On May 19, 2008, at 1:46 , James Gilmour wrote:

Juho > Sent: Sunday, May 18, 2008 10:31 PM
Single-seat districts (the usual ones) provide very tight regional
representation / proportionality.

True, if you are prepared to accept that you have "regional representation"
when a majority of those elected are elected on minority votes.

 Political proportionality on the
other hand is very poor.

Multi-member districts provide less strict regional proportionality
but better political proportionality.

If the numbers of electors per member are similar, I don't see why the
regional proportionality should be any less.
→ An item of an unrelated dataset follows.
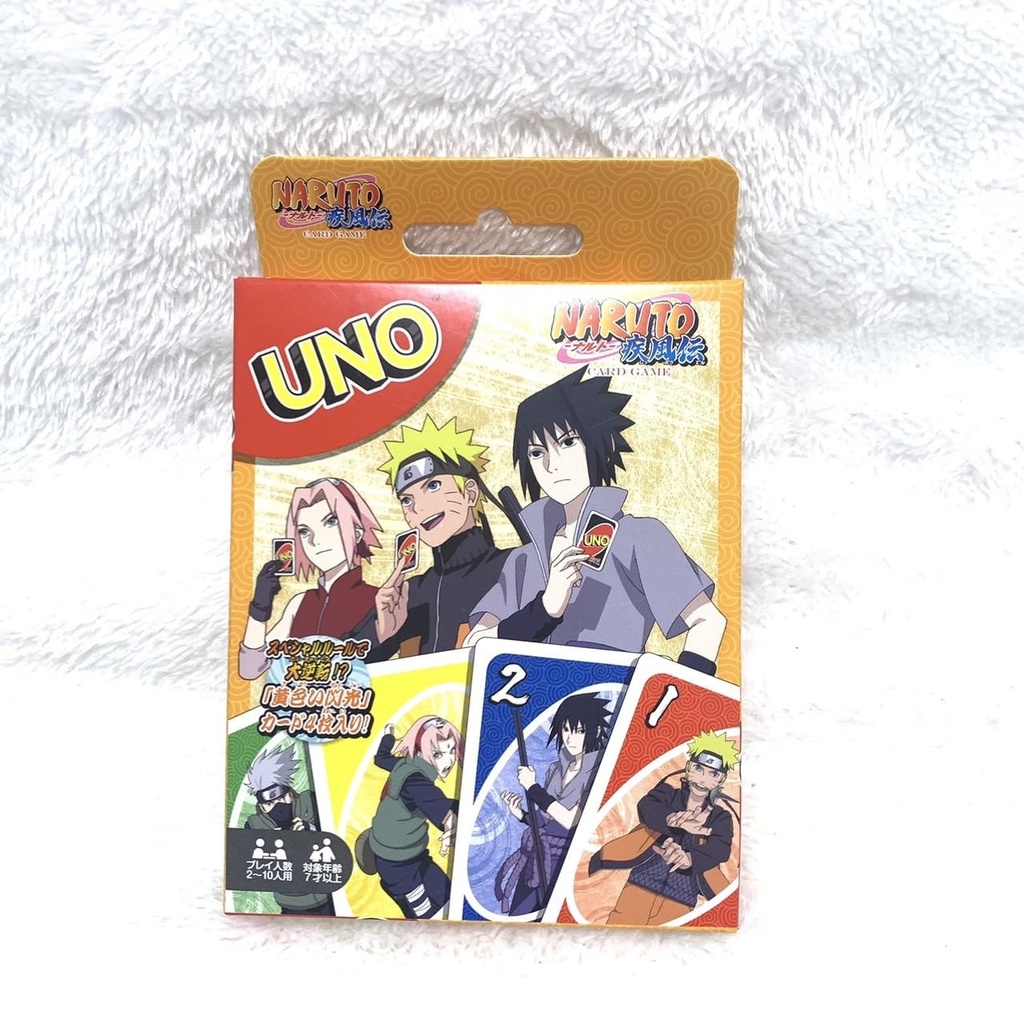 ENSKY Naruto Shippuden Uno H3.4 x W2.2 inches (87 x 56 mm) Paper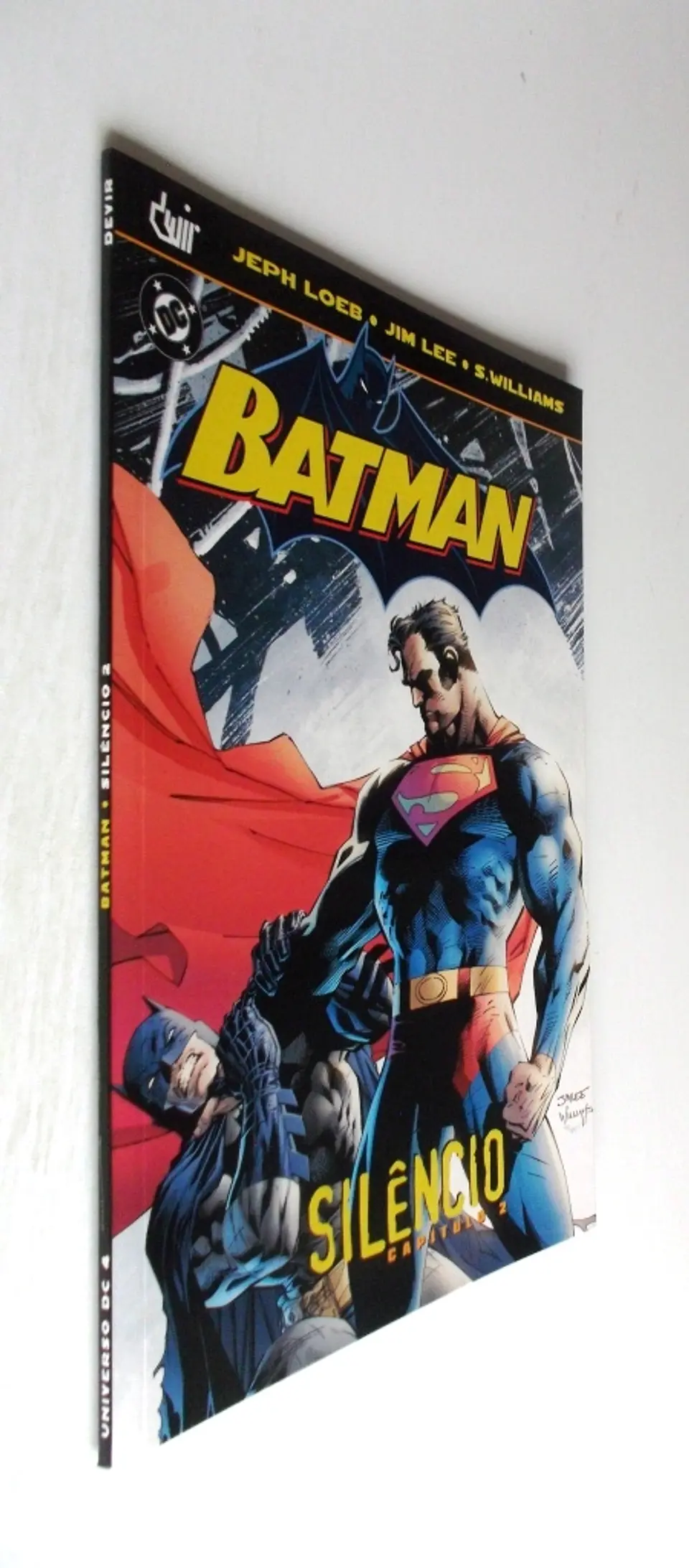 Universo DC 4 - Batman - Devir  3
I was thinking about the fact that in single-seat districts the geographical area that one representative represents is as small as it can be. Multi-member districts tend to be larger. I don't mean that single-seat districts would be any better. Bigger districts may well be sufficient to satisfy the need of regional proportionality. This depends of how people feel about the regions. (If there are e.g. 10 parties there could be also 10 regions and people could be happy with that.)

  (With STV-PR, strictly you
have adjust on the assumed quota because the absolute value of the Droop quota increases with district magnitude. But that's all unnecessary anyway because the differences in turnout will make a complete nonsense of all the
efforts to obtain perfect equality of numbers!)


The number of seats per district is important. If one district has 5
seats and another has 10 seats the chances of small groups to get
their candidates elected is different. The number of seats sets a
limit on the size of the parties that they must reach to get their
first seat (the case with one seat only is an extreme case that
typically favours two large parties with about 50% support each).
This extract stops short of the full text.